**TASK BRIEF**
Transcribe the data that follows without changing a word, and omit the pictures.

**SUPPLIED INFORMATION**
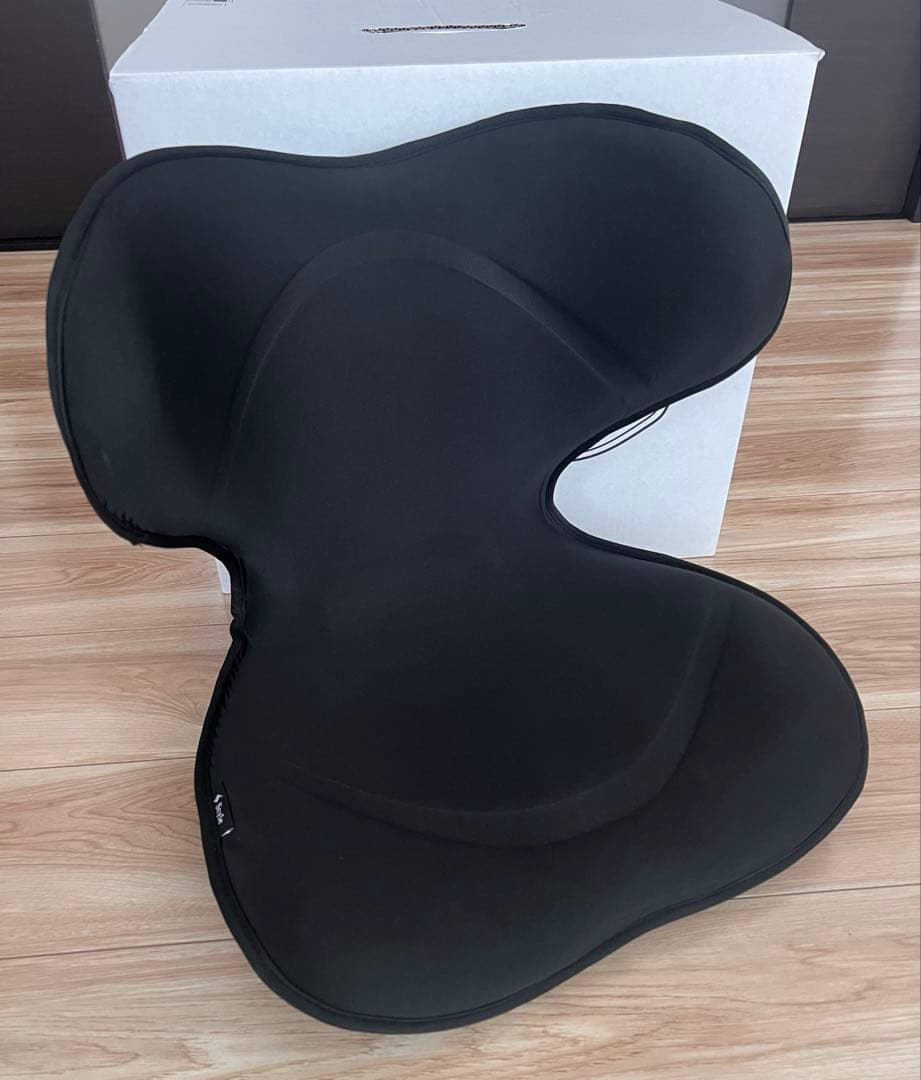 美品　MTG スタイルスマート Style SMART ブラック Style（スタイル） 姿勢 サポートチェア MTG スタイルスマート Style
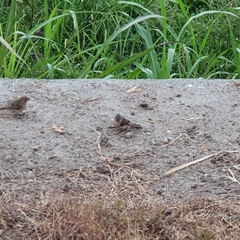 Sporophila torqueola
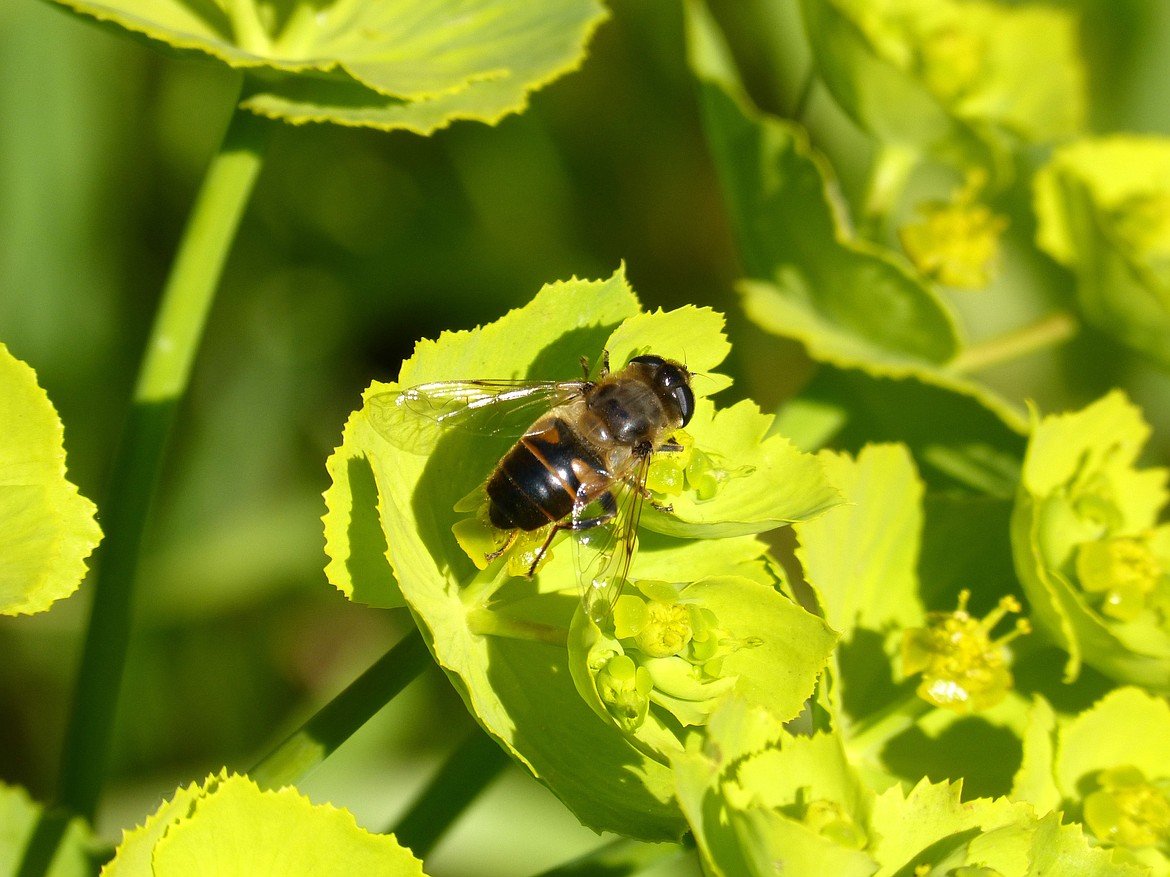 Zapp nicht die lästigen stechenden Bestäuber, füttere sie stattdessen Bienenähnlich: Einige…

**YOUR RESPONSE**
 美品　MTG スタイルスマート Style SMART ブラック Style（スタイル） 姿勢 サポートチェア MTG スタイルスマート Style
 Sporophila torqueola
 Zapp nicht die lästigen stechenden Bestäuber, füttere sie stattdessen Bienenähnlich: Einige…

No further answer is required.